[Dataset items]
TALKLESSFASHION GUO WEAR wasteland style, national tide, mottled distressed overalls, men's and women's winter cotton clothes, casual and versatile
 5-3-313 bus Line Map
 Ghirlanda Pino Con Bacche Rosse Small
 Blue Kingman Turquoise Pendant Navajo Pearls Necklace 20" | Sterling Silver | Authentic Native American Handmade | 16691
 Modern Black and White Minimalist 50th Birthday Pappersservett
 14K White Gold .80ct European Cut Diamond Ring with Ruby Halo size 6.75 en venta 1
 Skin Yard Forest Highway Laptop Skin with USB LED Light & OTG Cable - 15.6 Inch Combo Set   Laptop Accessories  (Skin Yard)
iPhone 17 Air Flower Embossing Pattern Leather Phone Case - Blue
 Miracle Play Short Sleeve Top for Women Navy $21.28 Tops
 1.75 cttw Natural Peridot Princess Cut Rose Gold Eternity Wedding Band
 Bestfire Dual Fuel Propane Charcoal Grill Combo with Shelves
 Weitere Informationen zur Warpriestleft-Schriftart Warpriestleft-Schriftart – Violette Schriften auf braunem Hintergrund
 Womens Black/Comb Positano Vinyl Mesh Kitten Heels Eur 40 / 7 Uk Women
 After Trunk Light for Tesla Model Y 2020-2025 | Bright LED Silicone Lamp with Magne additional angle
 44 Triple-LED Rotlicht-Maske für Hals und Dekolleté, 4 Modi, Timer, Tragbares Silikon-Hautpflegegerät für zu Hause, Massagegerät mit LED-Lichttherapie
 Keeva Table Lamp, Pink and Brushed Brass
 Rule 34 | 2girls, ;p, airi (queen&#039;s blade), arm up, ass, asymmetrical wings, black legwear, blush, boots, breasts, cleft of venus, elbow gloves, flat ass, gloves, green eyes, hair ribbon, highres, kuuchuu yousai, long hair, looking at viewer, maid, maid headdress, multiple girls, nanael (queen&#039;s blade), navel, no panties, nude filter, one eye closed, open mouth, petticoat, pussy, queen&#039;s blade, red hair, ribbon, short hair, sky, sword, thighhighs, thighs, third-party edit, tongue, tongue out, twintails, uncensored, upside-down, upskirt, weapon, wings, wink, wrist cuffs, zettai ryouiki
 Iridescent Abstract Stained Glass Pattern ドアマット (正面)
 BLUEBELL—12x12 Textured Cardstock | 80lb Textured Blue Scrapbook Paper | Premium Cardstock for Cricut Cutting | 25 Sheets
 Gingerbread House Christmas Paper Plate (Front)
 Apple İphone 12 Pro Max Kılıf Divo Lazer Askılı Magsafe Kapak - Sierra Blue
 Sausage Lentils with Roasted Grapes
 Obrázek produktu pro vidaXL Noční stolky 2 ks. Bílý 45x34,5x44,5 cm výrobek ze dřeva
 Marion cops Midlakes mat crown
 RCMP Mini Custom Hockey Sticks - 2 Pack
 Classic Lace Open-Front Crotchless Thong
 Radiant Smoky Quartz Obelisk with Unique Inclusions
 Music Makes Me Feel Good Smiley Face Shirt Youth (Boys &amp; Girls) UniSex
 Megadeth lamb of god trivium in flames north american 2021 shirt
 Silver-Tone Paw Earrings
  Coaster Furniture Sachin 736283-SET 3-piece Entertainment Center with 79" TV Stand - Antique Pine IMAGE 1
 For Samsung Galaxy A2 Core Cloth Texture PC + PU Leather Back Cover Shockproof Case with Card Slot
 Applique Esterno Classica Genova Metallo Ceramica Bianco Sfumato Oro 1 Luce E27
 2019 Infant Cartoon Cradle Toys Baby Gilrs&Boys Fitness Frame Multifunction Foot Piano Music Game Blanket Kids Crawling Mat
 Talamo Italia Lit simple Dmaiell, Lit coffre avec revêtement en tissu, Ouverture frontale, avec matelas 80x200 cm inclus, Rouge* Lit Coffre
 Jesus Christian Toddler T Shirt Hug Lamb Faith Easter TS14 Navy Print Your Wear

== WHAT TO PRODUCE ==
Which lines belong in the answer? Exactly those from the first line of the entries through the line holding "Ghirlanda Pino Con Bacche Rosse Small", inclusive, copied unchanged.

== ANSWER TO THIS TASK ==
TALKLESSFASHION GUO WEAR wasteland style, national tide, mottled distressed overalls, men's and women's winter cotton clothes, casual and versatile
 5-3-313 bus Line Map
 Ghirlanda Pino Con Bacche Rosse Small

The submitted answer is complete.